Midtown shop owner never loses style

By R.E. Graswich

May 2019

Lauren Lundsten, called Lonnie by his friends, can explain why a $188 Hawaiian shirt is worth every penny.

“The design is from the Kahala company archives. Look at the rich colors. The printing is done in Kyoto on special rayon filament from a Japanese company that’s been making this fabric since the 1950s,” he says. “The tailoring is done in Hawaii. It’s engineered so the pattern lines up perfectly when you button it. You can’t even see the threads.” Lundsten has only a few special-edition shirts, and will let one go for $150, a steal.

Nobody in Sacramento can sell Hawaiian culture better than Lundsten. He has been providing customers with shirts, hats, sandals, books, music and Tiki mugs for 23 years at his island-style boutique Swanberg’s on J near 24th Street, and an earlier shop in Curtis Park. He has withstood relentless economic assaults, including the Great Recession, internet, Amazon and the city’s J Street bike-lane installation that barricaded his business for weeks and cost $5,000 in sales.

Today, as he savors the onset of another summer, the perfect season for a Hawaiian shirt merchant, Lundsten is thinking about sunsets. “I’ve been doing this a long time,” he says. “The store is going pretty good. I’d like to work another two years, and sell it to someone. That would give me 25 years, which is something I’d be proud of when I retire.”

Swanberg’s is a rarity among Sacramento landmarks—a retail fulfillment of one man’s dream that evolved into a viable business. Lonnie’s style is relaxed, humble and soft-spoken, which exactly describes his shop.

 

He sells Hawaiian shirts because he likes them. He also likes baseball. Prominent among the racks are vintage baseball hats and Major League Baseball team logo Hawaiian shirts designed by the legendary Honolulu firm Reyn Spooner. The marriage of baseball and aloha hits a grand slam at Swanberg’s.

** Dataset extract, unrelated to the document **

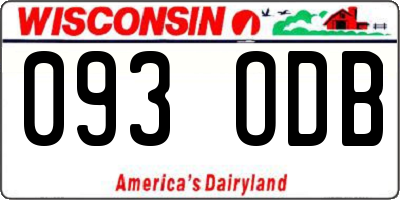 WI license plate 093ODB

“The Hawaiian baseball shirts are really popular,” Lundsten says. “Reyn does new editions each year for the Giants, Dodgers, Angels, Yankees and Cubs. There’s a new shirt for the A’s this year.”

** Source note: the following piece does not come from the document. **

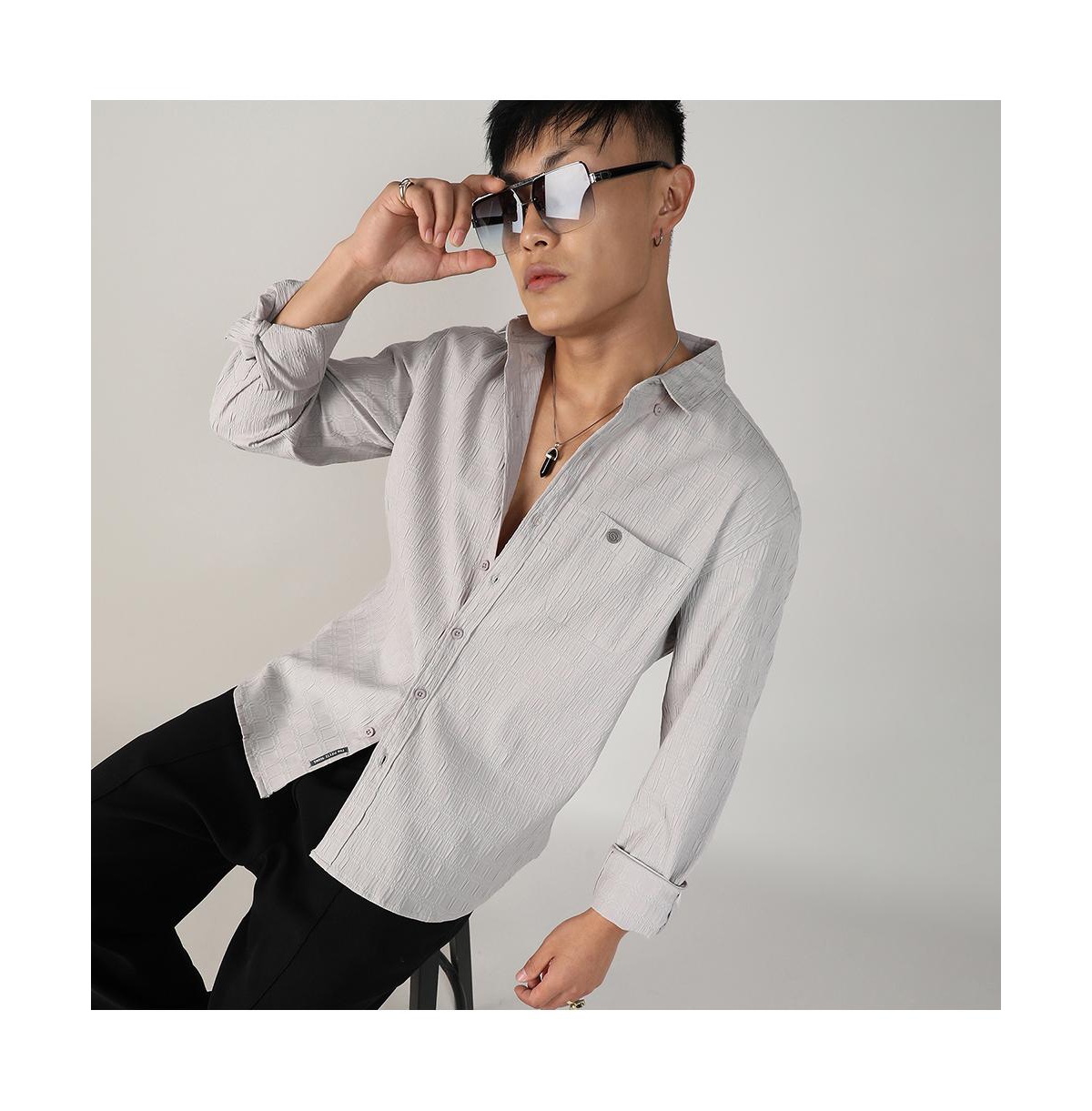 Campus Sutra Men's Greige Textured Ruched Shirt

Lundsten is no slave to fashion. Nothing goes out of style at Swanberg’s. Even now, his bestseller is the Tom Selleck “Magnum P.I.” Jungle Bird Red shirt by Paradise Found, a relic from the 1980s. It’s always in stock. Hairy chests are not required for purchase. And the store’s back wall is a jungle of vintage joy, with more than 400 secondhand Hawaiian shirts that sell for a fraction of their original price.

“A lot of restaurant and bar people come in and buy those,” Lundsten says. “If they get them messed up on the job, it’s OK, they’re not worth too much.”

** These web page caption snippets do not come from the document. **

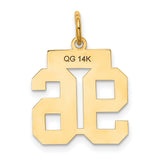 Small Polished Number 96 Charm Pendant in Real 14k Yellow Gold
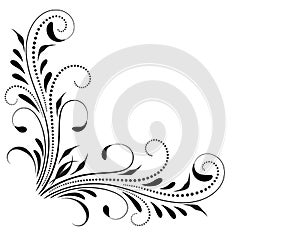 Decorative floral corner ornament for stencil isolated on white background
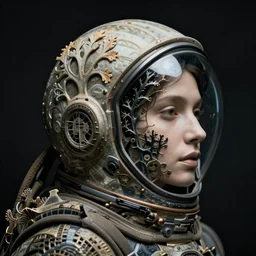 a woman's face in profile, wearing a space helmet made of intricate delicate seaweed, in the style of the dutch masters and gregory crewdson, dark and moody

Each time he makes a sale, Lundsten turns to his ultimate old-school device—a towering 1970s manual cash register liberated from a concession stand at Candlestick Park in San Francisco. He bought the machine for $100 at a West Sacramento warehouse. It carries a sticker from the concessionaire Harry M. Stevens as proof of provenance.
“I had a modern cash register, but it broke,” Lundsten says. “This one never breaks.”

As he gazes toward retirement and waits for someone to buy his shop, Lundsten can consider himself an honorable merchant in Midtown’s evolving retail narrative. He doesn’t have a website—too much trouble. He pays a homeless guy to keep the storefront clean. Lundsten was hip before the town became hip, and he never noticed.